→ Information provided
§

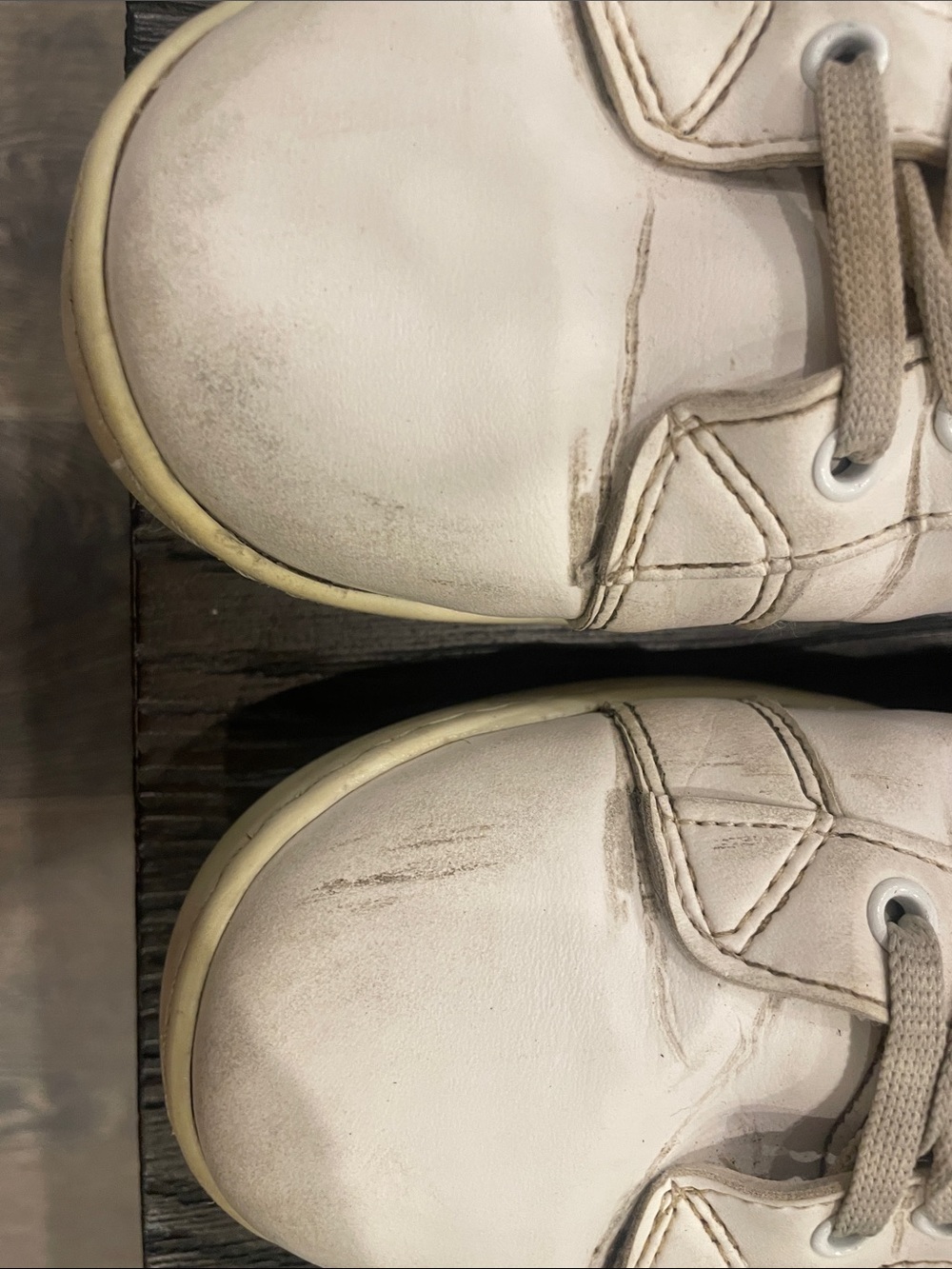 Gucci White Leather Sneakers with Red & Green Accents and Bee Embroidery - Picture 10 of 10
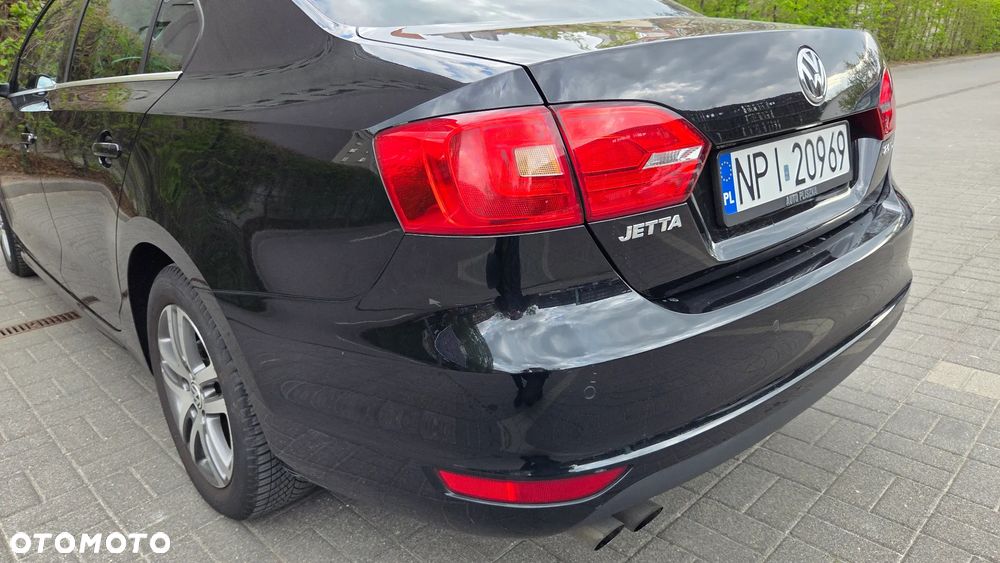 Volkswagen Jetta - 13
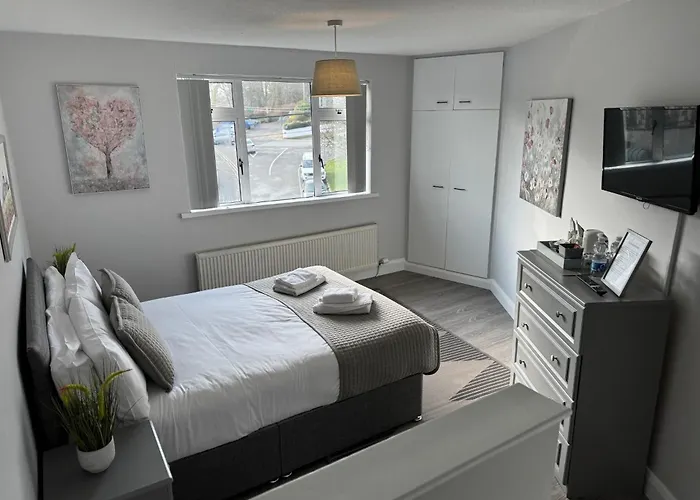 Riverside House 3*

§

→ What is needed
Set down the data again, exactly, without images.

→ Output of the task
 Gucci White Leather Sneakers with Red & Green Accents and Bee Embroidery - Picture 10 of 10
 Volkswagen Jetta - 13
 Riverside House 3*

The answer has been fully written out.